Sunday, July 12, 2009

The house is going to kill you

The house is going to kill you.

There, I said it again.

When I worked in the retirement community industry, the owner of our company would tell the sales department in no uncertain terms what we needed to tell our customer to motivate her to move: “The house is going to kill you.”

The boss is the boss, and we actually ran ad copy with that contention running across the top.

Here’s what I learned from that exercise: Undeniably true statements don’t necessarily make good ad copy. The campaign flopped, and we just alienated our customers.

The sad part is, as he usually was, John was right.
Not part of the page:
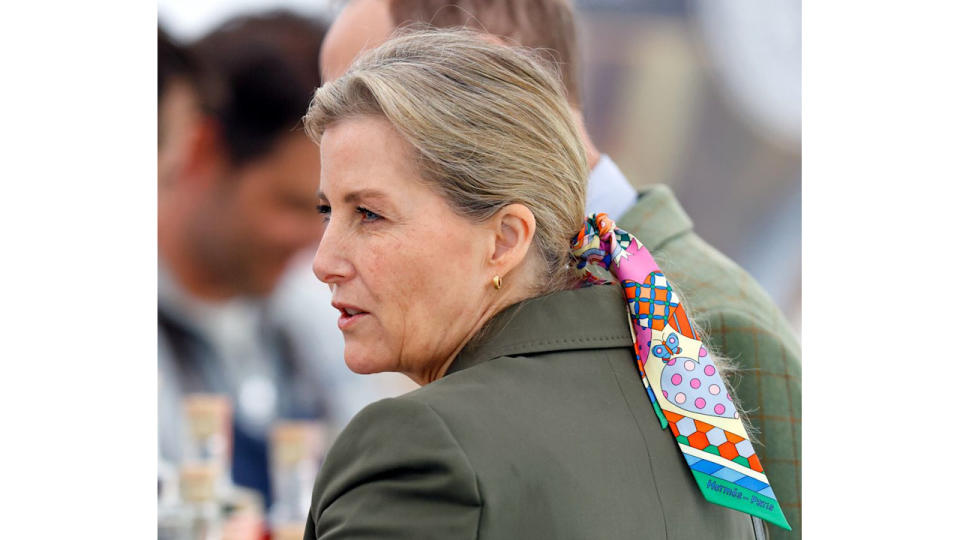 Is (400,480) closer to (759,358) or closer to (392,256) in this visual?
(392,256)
Here’s why that two story tall, single family house that was big enough to raise a family in becomes a death trap as we get older:

Finance drainer: take it from someone who owns one, houses can bleed your pocketbook dry. It’s not just the predictable stuff like the taxes and insurance, it’s those unpredictable maintenance costs that kill you… furnaces, roofs, dry rot, termites, water damage, worn out carpets, paint…. Every year it’s something big. Worrying about money causes stress, and stress causes illness. Does it make sense to keep paying for all that space you need just because you can’t figure out what to do with all of your stuff if you move to a more comfortably sized home?
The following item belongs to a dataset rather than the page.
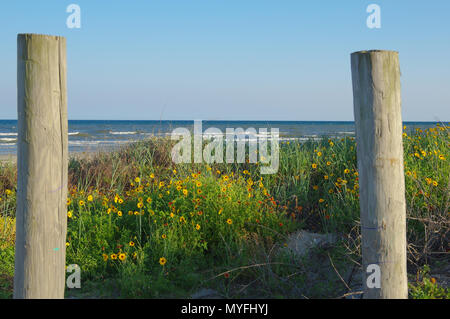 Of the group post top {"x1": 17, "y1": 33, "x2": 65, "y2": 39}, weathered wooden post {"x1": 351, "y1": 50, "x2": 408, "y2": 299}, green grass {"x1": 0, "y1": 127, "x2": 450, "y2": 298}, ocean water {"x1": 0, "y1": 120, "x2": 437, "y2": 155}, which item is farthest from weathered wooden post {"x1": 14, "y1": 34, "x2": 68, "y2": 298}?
ocean water {"x1": 0, "y1": 120, "x2": 437, "y2": 155}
Hip fracturer: I know “fracturer” isn’t a word, but that’s what the old house will do to us. Between the stairs, the ladders, the icy steps, and countless other hazards, big old houses land people in emergency rooms every single day. In addition to those tripping and slipping hazards, there is also the lack of exercise that comes with stay at home complacency that further weakens us physically. The other well publicized hazard is crashing your car if you’ve held onto your driver’s license too long, a topic I’ve blogged about before.

Social isolator: The world has changed. If your neighborhood hasn’t changed from the one you grew up in, congratulations. For most of us, we don’t have a lot of interaction with our neighbors. As we grow older, we don’t enjoy the companionship of others, we endure and numb ourselves with the companionship of the TV or internet. This is especially true for people who have lost a spouse and now live alone. Human beings aren’t built to live in isolation. There’s a reason the worst punishment you can be given in prison is to be sent to solitary confinement. Social isolation wears us out, depresses us, and brings about death and decline faster than anything else.

These three house-dwelling scenarios are completely preventable if you just have the strength to part with the house, and move to a place that’s predictably affordable, safe, and has great opportunity for social interaction, like a well run retirement community. Sadly, hardly anyone does. Most of us tough it out in the house until that house-induced hip fracture lands us in a nursing home, or something even worse happens.

You’ve dropped the turkey if you stayed in your house too long. Sounds great, but not ready for “that” yet? What’s ready? When you’ve crashed the car? Fell down the stairs? Dropped the Thanksgiving turkey on the floor in front of your whole family?

Preserve your independence. Get out of the house before you’re ready. You’ll be so glad you did, and so will your family.